The Halimi family lawyer, Jean-Alexandre Buchinger, recounted that the attack began at 4:25 a.m. on the morning of April 4 when the suspect, who lives with his family in a building neighboring Halimi’s, forced his way into her apartment through the residence of his neighbors, a family originally from Mali.

The suspect knocked on their door and forced his way in, appearing so aggressive and agitated and murmuring Koranic verses, that they all locked themselves in a bedroom and called the police. The suspect made his way to Halimi’s apartment through their balcony.

“He surprised her in her sleep, he beat her with fists. Her living room was full of blood, just to inform you how hard the blows were,” said Buchinger at the press conference on May 22.

The suspect shouted “Allahu Akbar” and recited Quranic verses while assaulting Halimi, and trying to strangle her, the lawyer said, adding that the suspect also yelled at Halimi to “shut her mouth” and called her a “sheitan” [devil or satan in Arabic].

Police arrived just 3 minutes after the call, but made their way to the wrong building at first. Meanwhile, another neighbor placed a call to police at 4:45 a.m. to report the beating of Halimi. More officers arrived and congregated in the apartment of the Malian family next door, afraid they were facing a terror attack and waiting for the anti-terror squad. By the time the special unit arrived, around 5:00 a.m., Halimi had been killed.

The suspect returned to the apartment of the Malian family and was arrested there without resistance at 5:35 a.m., according to the report.

A homicide investigation was opened with police on April 14, without the anti-Semitism aspect. A judicial source told AFP that “it has not yet been established that the suspect knew the victim’s religion.”

That remark contradicts earlier reports by relatives of Halimi who said that she had previously experienced anti-Semitic harassment by the suspect and a relative of his.

A second lawyer for the family said the fact that the suspect did not assault any other neighbors during the attack and made his way directly “to the only Jewish woman in the building, breaking into an apartment to access hers, shows premeditation.”
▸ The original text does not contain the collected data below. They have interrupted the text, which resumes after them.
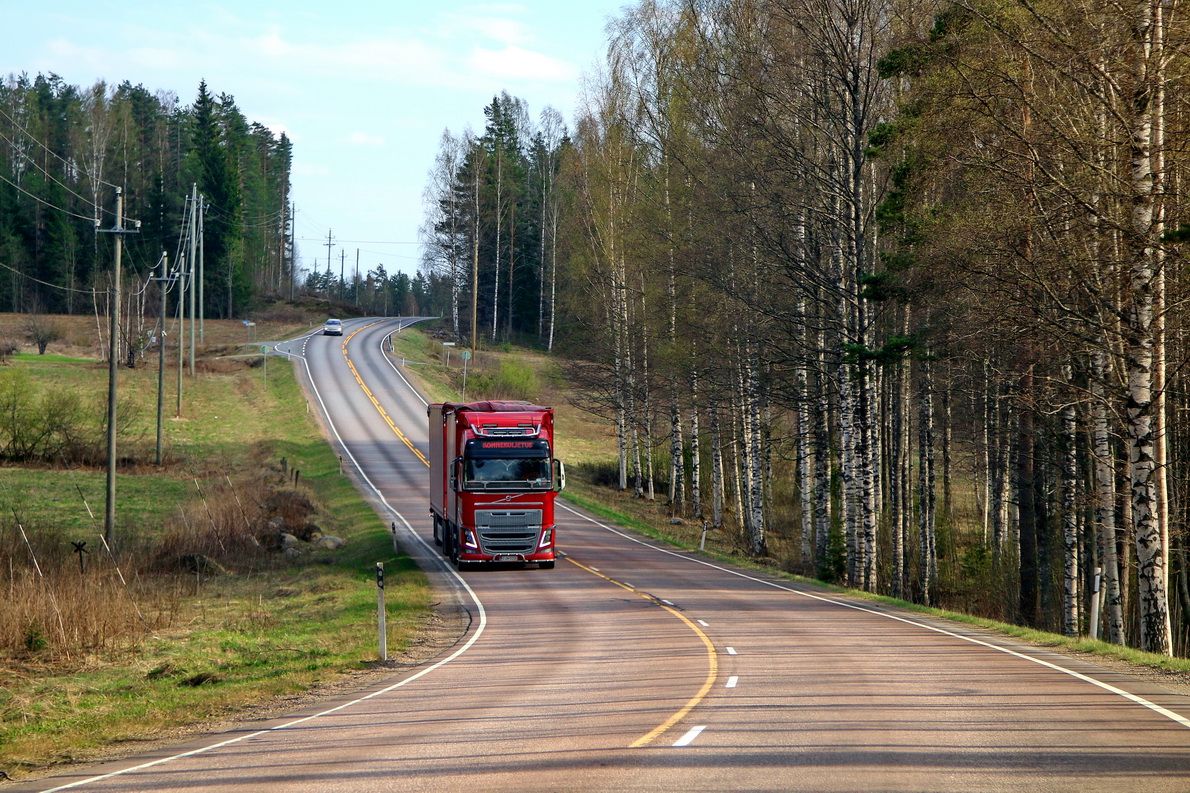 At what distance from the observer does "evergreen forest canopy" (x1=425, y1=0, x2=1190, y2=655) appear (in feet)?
52.6

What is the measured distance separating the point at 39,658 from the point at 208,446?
34.8 meters

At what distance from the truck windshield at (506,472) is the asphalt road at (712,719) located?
18.9 ft

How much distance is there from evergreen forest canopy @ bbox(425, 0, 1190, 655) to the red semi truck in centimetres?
628

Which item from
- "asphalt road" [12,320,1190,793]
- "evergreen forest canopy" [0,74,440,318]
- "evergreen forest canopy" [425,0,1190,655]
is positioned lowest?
"asphalt road" [12,320,1190,793]

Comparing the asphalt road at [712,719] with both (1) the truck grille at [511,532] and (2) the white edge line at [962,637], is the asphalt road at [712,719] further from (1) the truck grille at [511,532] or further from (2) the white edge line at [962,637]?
(1) the truck grille at [511,532]

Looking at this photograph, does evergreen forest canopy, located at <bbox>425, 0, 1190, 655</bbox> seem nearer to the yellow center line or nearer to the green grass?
the yellow center line

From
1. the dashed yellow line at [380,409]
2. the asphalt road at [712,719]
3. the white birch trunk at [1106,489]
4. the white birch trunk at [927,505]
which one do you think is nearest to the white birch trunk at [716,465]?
the white birch trunk at [927,505]

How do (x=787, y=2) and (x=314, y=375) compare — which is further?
(x=314, y=375)

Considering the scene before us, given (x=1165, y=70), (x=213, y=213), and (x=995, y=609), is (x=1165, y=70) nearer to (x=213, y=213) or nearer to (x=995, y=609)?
(x=995, y=609)

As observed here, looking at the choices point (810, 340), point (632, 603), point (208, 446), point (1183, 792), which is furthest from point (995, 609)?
point (208, 446)

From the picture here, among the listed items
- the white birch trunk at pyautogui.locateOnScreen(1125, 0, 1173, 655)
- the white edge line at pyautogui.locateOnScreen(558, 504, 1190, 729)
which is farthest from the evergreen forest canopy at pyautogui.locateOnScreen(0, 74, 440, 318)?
the white birch trunk at pyautogui.locateOnScreen(1125, 0, 1173, 655)

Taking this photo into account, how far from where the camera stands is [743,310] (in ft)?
89.1

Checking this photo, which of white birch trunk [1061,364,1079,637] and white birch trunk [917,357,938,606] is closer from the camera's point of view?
white birch trunk [1061,364,1079,637]

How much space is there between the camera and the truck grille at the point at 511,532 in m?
26.1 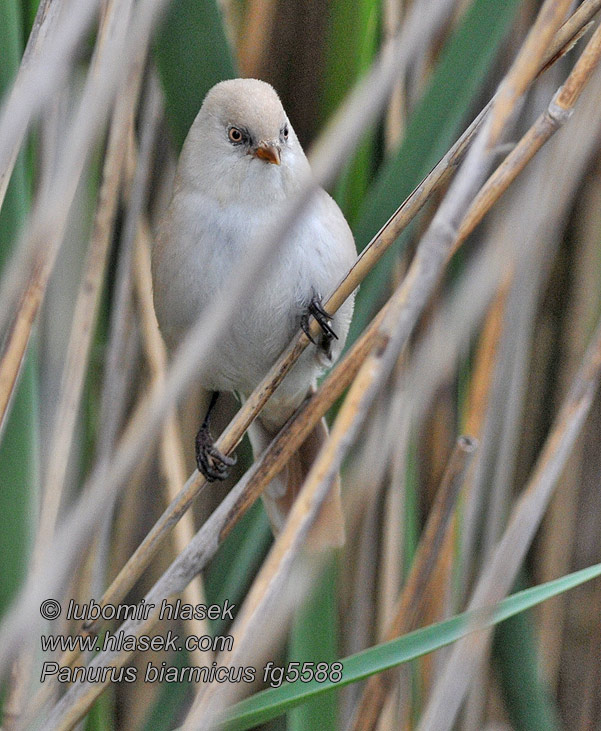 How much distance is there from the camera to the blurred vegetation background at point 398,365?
934 millimetres

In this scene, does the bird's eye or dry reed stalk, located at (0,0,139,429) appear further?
the bird's eye

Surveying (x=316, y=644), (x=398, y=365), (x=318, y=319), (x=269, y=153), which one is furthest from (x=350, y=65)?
(x=316, y=644)

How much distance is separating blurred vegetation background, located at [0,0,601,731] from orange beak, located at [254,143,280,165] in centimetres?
10

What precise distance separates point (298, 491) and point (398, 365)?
237 millimetres

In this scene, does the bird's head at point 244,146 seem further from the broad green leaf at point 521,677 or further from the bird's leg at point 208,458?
the broad green leaf at point 521,677

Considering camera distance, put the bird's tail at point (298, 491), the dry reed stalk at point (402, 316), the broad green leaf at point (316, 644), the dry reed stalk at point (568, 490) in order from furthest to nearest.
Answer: the dry reed stalk at point (568, 490) → the bird's tail at point (298, 491) → the broad green leaf at point (316, 644) → the dry reed stalk at point (402, 316)

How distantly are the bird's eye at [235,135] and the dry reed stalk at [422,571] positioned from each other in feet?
1.63

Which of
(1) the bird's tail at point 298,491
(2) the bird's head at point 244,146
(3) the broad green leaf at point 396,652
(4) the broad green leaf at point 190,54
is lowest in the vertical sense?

“He has the profile of a radicalized Islamist; the psychiatry [behind it] is secondary,” said a lawyer of Halimi’s sister, Gilles-William Goldnadel.

There were conflicting reports on whether the suspect’s family acknowledged any radicalization, but Bidnic said they “perfectly understand the gravity” of what he has been accused of.

The Halimi family lawyers also criticized police handling of the attack, questioning why it took an hour and 10 minutes to apprehend the suspect, and suggesting a nation and police force on edge since a series of deadly Islamist attacks in recent years.

A number of French-Jewish organizations, including the Consistoire and CRIF, the umbrella group of French Jewish communities, announced their intention to join a civil suit in the case.

Halimi is survived by her son, who lives in Israel, and two daughters who live in France. She was buried in Jerusalem on April 6.